Glencore isn’t a common-or-garden miner. It is also a commodities trader, which, management reckons, gives it a unique finger on the pulse. However, this hasn’t helped the performance of the shares, which closed on Wednesday at a record low of 122.8p — down 77% from the flotation price of 530p in 2011.

Some City experts believe Glencore will need to raise fresh equity. The analysts are also questioning — as they are with many miners — whether the current dividend is sustainable. However, in Glencore’s half-year results last month, management spoke defiantly of the company’s “strong and flexible balance sheet”, and — by way of “reflecting our confidence” — maintained the interim dividend, giving a whopping running yield of 9.6%.

Directors aren’t just talking the talk. Chief financial officer Steven Kalmin immediately bought a cool one million shares at 172.88p a share. The following day, non-executive director John Mack bought 50,000 shares at 162.85p. And, two days ago, senior non-exec Peter Grauer joined in the buying spree, with a purchase of 118,000 shares at 134.5p a pop. All together, these three directors have invested getting on for £2m.

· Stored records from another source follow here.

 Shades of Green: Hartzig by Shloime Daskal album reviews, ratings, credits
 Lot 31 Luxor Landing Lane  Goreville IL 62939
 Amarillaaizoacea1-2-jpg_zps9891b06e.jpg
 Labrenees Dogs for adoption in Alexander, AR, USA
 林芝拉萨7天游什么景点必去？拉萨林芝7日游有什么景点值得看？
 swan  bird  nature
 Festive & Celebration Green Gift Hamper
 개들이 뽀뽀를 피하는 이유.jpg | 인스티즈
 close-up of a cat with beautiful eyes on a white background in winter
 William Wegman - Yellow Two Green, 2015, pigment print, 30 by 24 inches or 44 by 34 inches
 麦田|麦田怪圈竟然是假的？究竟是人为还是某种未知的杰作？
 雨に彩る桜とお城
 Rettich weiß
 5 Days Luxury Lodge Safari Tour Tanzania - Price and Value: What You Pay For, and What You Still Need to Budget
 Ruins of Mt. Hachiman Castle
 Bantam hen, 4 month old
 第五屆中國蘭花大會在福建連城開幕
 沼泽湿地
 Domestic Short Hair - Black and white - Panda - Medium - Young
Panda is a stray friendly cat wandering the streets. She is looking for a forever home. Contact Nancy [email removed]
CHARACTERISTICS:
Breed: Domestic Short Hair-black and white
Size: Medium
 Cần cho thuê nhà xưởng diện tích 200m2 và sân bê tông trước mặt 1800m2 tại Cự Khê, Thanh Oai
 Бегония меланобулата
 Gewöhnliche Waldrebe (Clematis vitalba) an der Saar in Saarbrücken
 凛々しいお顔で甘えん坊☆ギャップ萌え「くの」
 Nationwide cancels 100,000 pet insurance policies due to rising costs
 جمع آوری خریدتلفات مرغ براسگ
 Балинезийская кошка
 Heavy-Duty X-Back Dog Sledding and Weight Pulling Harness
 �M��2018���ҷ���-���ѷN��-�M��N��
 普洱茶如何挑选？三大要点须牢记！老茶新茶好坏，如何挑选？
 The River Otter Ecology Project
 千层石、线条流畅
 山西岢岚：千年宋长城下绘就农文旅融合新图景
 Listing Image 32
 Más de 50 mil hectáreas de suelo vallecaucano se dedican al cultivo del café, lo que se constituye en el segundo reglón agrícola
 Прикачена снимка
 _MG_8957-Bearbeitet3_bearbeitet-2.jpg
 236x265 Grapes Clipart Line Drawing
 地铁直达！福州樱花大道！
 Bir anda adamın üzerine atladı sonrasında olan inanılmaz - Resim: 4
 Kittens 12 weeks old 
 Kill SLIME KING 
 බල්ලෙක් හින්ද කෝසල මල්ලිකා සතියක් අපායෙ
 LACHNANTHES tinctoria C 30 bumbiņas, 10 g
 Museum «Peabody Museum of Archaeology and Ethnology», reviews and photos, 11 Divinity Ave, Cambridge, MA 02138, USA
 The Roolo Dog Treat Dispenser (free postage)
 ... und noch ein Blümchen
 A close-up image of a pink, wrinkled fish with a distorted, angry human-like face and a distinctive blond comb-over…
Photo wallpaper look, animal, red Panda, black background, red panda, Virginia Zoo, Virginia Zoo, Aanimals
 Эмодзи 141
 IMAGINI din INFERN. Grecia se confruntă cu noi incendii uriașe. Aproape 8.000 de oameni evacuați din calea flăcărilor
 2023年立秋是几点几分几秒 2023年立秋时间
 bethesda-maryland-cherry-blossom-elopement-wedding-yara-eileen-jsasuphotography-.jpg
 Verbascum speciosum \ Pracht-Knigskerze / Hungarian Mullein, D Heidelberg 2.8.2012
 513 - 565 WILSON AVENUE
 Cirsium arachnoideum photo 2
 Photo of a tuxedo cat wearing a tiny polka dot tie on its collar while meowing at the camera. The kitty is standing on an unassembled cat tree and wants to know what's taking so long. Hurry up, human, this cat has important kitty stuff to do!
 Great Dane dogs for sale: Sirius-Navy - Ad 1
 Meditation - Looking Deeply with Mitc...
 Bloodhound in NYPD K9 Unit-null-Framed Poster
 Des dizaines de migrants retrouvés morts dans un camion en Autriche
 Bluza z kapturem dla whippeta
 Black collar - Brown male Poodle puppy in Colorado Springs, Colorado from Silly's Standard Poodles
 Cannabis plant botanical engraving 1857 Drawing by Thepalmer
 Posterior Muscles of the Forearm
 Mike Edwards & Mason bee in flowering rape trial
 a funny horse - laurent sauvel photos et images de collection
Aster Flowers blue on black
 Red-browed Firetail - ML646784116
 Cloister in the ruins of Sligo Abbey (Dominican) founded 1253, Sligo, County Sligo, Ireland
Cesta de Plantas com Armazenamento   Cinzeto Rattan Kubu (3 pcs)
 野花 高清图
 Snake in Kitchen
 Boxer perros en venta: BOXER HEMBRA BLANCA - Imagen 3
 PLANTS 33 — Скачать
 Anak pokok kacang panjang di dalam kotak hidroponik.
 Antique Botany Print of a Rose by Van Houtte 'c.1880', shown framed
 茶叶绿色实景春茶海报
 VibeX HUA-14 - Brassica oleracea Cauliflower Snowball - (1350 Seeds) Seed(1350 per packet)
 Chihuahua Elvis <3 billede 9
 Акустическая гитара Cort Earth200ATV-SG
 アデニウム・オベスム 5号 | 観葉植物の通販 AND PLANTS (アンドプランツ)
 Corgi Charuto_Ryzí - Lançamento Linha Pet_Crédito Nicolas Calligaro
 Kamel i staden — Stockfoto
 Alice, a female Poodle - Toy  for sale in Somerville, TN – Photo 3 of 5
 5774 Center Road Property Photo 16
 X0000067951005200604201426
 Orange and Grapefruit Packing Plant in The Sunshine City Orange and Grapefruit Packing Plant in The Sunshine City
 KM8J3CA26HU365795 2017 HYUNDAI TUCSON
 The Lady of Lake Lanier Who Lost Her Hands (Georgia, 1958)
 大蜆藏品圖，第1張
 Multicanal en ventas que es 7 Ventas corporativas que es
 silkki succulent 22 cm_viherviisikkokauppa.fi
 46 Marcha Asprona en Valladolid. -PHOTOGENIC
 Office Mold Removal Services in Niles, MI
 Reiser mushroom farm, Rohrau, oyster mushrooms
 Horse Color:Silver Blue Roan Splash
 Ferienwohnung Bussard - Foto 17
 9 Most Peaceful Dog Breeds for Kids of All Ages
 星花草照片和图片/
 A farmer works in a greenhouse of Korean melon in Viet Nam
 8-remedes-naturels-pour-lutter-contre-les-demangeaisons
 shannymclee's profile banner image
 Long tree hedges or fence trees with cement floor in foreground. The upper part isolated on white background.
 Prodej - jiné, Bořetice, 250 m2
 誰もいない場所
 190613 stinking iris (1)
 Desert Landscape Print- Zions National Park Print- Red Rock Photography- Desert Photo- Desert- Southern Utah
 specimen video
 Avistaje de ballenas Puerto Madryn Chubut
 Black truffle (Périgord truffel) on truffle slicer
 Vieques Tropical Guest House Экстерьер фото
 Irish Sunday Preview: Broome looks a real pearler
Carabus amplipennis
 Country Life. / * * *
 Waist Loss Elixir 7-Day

If you’re convinced by management’s confidence in the business, you can pick up the shares at a lower price today than the directors were happy to buy at.

BHP Billiton

BHP Billiton’s directors were no less keen than Glencore’s to defy the dividend sceptics when the company released its annual results last week. The Board lifted the year’s dividend by 2% (giving a running yield of 7.8%), and said: “Our commitment to the progressive dividend is unchanged”. In the analyst briefing, the company added that it was “resolute” in its commitment, pointing out that this commitment “has withstood many previous cycles”, and suggesting that the business can generate the necessary cash flow (more important than paper earnings) to support the dividend.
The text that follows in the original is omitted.